This is a Q&A with a physician about allergy treatments. It offers a mostly solid if standard review of what allergies are, what treatment alternatives are available, and some information about costs. It’s a “sole-source” consumer health story of the kind prepared regularly by news organizations via interviews with local (in this case Philadelphia-based) medical experts. Some news organizations have a rotating list of institutions whose experts are asked to address various medical topics, bringing PR value to the experts’ institutions and consumer health expertise to readers and viewers.
Although it’s missing any hard quantitative research data, the story hits a good number of high notes and benchmarks in the “news you can use” category. One downside was its heavy emphasis on newer delivery options for immunotherapy, which will not be needed in most cases.
Allergies are a common cause of sometimes debilitating and clearly miserable symptoms, affecting millions of men, women, and children. Health agency statistics worldwide support the point–also made in the piece–that prevalence has been consistently rising and the costs of treating allergies has soared into the billions in the U.S. alone. Thus, there is wide and deep interest in what works to control or prevent symptoms, and in therapies that target the immunologic sabotage that is at the root of allergic reactions.

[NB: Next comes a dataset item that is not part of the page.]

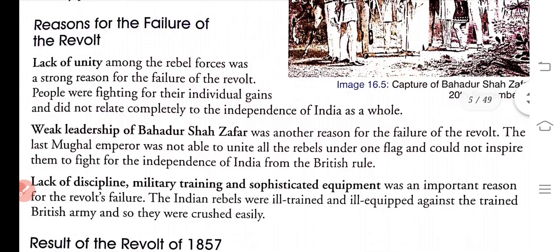The result of the failure of the revolt: The most important reason India did not succeed was that it was not united. The first reason is the lack of unity among the rebel forces. People were fighting for their individual gains and did not relate completely to the independence of India as a whole.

Although the physician-expert interviewed for the article works at an academic medical center–where there is conceivably a vested interest in root-cause and advanced immunotherapies instead of OTC symptomatic care–the article deserves gold stars for noting the costs of the newer sublingual tablet and drop treatments, and some important information about what most insurers will and won’t cover. Ideally, the article would have also mentioned the costs of over-the-counter options to provide a comparison point.
Even with a Q&A format, articles about allergies can be more useful by making sure to include relative and absolute rates of benefit from various treatments. This article leaves the readers with the idea that all or most people get relief from one or more of the triad of treatment approaches: avoidance of allergy triggers, OTC or prescription drugs like antihistamines and nasal steroids, and immunotherapies like allergy shots. But drawbacks and side effects should be made clear, so that the true benefit is more accurate.
For example, while the article does note that successful immunotherapy often takes years, it doesn’t report:
The article duly notes the most common side effect of the newer sublingual drops treatment and the rare risk of serious side effects from allergy shots. The article could have been strengthened by including information on the side effects of OTC and prescription drug treatments.
The article relies on the credentialed expertise of an allergy specialist, and the “Ask the Expert” format means it’s mostly a “review” of best practices and what’s available therapeutically. The interview subject makes allusions to trial data (“significant decrease” of symptoms, follow-up period) without giving information on the quality of the studies.
This story didn’t disease monger; allergies are certainly a common affliction.
But, while this isn’t enough to lose the Satisfactory rating, there was what we call “treatment mongering” because of the emphasis on immunotherapy for treatment. Most people won’t need this level of treatment, and will do well with standard OTC and prescription medications.
The format clearly excludes independent sources commenting on what the expert is saying. The interviewee himself might have quoted another source or two and strengthened his information, but overall, N/A seems reasonable.
The article does a pretty good job of explaining alternatives to the relatively new immunotherapies, as well as some treatment cost comparisons. As stated earlier, the discussion was weighted toward immunotherapy and not OTC and prescription medications.
The report makes clear what’s FDA approved and what’s not; and where to get the latest immunotherapies, and where people cannot get them. Good job on this.
It seems reasonably clear that the timing is related to the fact that this is prime allergy season for readers. Although the intro makes a grab for a news hook, it’s a pretty weak one, given that the “newest” immunotherapies have been available for at least a couple of years. But again, we don’t think the article was intended to break any news or present anything as especially novel.
The feature was not based on a release as far as we can tell from the university’s news release site.